- PROBLEM DESCRIPTION
Word for word, set down every line of the entries below from the line with "SereneDrains Square Shower Drain" to the line with "Batwoman (2011 2nd Series) #26A", including both, and no other line.

■ ■ ■ ■ ■ ■ ■

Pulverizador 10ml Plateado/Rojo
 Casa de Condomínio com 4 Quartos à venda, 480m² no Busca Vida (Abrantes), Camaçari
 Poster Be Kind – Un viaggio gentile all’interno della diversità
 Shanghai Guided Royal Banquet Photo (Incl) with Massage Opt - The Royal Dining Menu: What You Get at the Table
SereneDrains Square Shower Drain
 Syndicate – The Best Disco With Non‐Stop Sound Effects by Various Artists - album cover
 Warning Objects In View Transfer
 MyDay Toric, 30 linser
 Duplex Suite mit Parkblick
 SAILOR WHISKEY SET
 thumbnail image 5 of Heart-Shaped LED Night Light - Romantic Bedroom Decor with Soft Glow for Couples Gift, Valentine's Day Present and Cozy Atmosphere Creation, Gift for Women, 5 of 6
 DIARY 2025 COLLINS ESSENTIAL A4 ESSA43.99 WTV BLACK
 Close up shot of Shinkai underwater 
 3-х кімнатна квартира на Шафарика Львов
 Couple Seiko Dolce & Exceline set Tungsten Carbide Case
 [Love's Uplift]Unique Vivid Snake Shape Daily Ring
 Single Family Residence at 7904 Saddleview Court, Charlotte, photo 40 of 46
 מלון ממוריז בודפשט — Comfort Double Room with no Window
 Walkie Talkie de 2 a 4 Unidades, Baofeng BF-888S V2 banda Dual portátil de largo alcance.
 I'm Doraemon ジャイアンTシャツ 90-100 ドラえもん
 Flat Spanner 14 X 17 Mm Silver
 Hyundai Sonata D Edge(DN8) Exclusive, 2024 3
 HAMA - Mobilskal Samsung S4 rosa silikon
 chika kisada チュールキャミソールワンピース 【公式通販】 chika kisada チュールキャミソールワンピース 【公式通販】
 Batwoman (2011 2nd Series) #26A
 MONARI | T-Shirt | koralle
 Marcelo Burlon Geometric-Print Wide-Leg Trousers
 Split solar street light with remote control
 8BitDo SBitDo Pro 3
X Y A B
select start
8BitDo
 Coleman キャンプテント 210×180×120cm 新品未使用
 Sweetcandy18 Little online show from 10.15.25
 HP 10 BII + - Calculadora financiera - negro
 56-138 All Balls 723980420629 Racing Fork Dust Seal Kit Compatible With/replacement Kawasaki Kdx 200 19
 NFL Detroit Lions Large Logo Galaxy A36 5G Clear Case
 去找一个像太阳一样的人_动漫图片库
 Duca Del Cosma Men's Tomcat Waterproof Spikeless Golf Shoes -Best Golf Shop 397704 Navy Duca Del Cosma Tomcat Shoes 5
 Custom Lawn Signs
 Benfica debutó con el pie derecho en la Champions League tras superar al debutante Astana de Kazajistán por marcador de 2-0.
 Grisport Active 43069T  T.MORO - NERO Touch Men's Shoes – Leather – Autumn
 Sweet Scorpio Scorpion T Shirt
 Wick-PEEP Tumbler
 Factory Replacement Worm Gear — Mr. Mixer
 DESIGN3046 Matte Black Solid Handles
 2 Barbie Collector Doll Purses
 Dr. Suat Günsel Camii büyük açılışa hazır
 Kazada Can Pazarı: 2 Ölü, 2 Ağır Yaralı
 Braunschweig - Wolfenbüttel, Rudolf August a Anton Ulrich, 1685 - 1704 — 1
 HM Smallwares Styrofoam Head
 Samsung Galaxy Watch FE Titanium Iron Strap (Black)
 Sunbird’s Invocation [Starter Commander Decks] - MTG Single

■ ■ ■ ■ ■ ■ ■

- ANSWER TO THIS EXERCISE
SereneDrains Square Shower Drain
 Syndicate – The Best Disco With Non‐Stop Sound Effects by Various Artists - album cover
 Warning Objects In View Transfer
 MyDay Toric, 30 linser
 Duplex Suite mit Parkblick
 SAILOR WHISKEY SET
 thumbnail image 5 of Heart-Shaped LED Night Light - Romantic Bedroom Decor with Soft Glow for Couples Gift, Valentine's Day Present and Cozy Atmosphere Creation, Gift for Women, 5 of 6
 DIARY 2025 COLLINS ESSENTIAL A4 ESSA43.99 WTV BLACK
 Close up shot of Shinkai underwater 
 3-х кімнатна квартира на Шафарика Львов
 Couple Seiko Dolce & Exceline set Tungsten Carbide Case
 [Love's Uplift]Unique Vivid Snake Shape Daily Ring
 Single Family Residence at 7904 Saddleview Court, Charlotte, photo 40 of 46
 מלון ממוריז בודפשט — Comfort Double Room with no Window
 Walkie Talkie de 2 a 4 Unidades, Baofeng BF-888S V2 banda Dual portátil de largo alcance.
 I'm Doraemon ジャイアンTシャツ 90-100 ドラえもん
 Flat Spanner 14 X 17 Mm Silver
 Hyundai Sonata D Edge(DN8) Exclusive, 2024 3
 HAMA - Mobilskal Samsung S4 rosa silikon
 chika kisada チュールキャミソールワンピース 【公式通販】 chika kisada チュールキャミソールワンピース 【公式通販】
 Batwoman (2011 2nd Series) #26A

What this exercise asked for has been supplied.